[THE TASK] Once you find the line containing "Hello guys and" in the data below, copy it and each following line exactly, up to and including the line containing "Hi everyone, this", and nothing else.

(Stored data entries)

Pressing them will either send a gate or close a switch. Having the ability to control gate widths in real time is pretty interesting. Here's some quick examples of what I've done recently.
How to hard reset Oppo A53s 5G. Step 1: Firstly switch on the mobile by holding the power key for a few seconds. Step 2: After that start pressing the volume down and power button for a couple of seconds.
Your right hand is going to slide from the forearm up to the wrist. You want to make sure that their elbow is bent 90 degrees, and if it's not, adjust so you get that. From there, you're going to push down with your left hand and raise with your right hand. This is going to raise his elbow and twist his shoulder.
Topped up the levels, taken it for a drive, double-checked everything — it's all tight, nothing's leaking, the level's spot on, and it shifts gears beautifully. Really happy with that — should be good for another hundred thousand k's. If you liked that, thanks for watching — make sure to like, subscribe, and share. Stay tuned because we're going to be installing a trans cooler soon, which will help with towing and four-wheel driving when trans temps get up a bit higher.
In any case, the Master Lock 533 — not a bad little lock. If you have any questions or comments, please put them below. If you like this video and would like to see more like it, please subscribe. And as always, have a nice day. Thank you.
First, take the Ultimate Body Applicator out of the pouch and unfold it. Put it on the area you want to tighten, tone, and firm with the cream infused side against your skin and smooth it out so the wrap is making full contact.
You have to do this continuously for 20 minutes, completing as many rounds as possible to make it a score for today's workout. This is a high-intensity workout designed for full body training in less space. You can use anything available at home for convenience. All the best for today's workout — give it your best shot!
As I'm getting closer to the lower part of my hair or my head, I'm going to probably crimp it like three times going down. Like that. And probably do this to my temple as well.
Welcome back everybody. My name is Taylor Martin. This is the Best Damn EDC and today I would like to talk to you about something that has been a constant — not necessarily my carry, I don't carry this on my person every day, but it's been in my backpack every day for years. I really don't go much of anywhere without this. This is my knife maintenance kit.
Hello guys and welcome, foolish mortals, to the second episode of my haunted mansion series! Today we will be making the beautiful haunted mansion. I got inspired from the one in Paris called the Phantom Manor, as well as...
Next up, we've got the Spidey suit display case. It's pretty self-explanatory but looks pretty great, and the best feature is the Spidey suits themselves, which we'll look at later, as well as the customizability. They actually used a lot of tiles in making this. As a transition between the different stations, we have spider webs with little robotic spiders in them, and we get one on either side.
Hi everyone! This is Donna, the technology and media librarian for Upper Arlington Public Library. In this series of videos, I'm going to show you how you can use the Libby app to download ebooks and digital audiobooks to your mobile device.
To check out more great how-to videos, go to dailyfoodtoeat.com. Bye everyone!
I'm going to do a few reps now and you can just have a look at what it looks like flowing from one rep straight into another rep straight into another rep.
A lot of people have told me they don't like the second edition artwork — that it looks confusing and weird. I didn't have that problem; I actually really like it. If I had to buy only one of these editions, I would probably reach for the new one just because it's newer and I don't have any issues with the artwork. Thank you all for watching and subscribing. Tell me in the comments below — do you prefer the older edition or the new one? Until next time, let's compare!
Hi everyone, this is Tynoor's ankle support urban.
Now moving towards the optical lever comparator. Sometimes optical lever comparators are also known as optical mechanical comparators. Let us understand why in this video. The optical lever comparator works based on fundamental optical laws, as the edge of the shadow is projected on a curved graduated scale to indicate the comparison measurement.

[ANSWER AREA]
Hello guys and welcome, foolish mortals, to the second episode of my haunted mansion series! Today we will be making the beautiful haunted mansion. I got inspired from the one in Paris called the Phantom Manor, as well as...
Next up, we've got the Spidey suit display case. It's pretty self-explanatory but looks pretty great, and the best feature is the Spidey suits themselves, which we'll look at later, as well as the customizability. They actually used a lot of tiles in making this. As a transition between the different stations, we have spider webs with little robotic spiders in them, and we get one on either side.
Hi everyone! This is Donna, the technology and media librarian for Upper Arlington Public Library. In this series of videos, I'm going to show you how you can use the Libby app to download ebooks and digital audiobooks to your mobile device.
To check out more great how-to videos, go to dailyfoodtoeat.com. Bye everyone!
I'm going to do a few reps now and you can just have a look at what it looks like flowing from one rep straight into another rep straight into another rep.
A lot of people have told me they don't like the second edition artwork — that it looks confusing and weird. I didn't have that problem; I actually really like it. If I had to buy only one of these editions, I would probably reach for the new one just because it's newer and I don't have any issues with the artwork. Thank you all for watching and subscribing. Tell me in the comments below — do you prefer the older edition or the new one? Until next time, let's compare!
Hi everyone, this is Tynoor's ankle support urban.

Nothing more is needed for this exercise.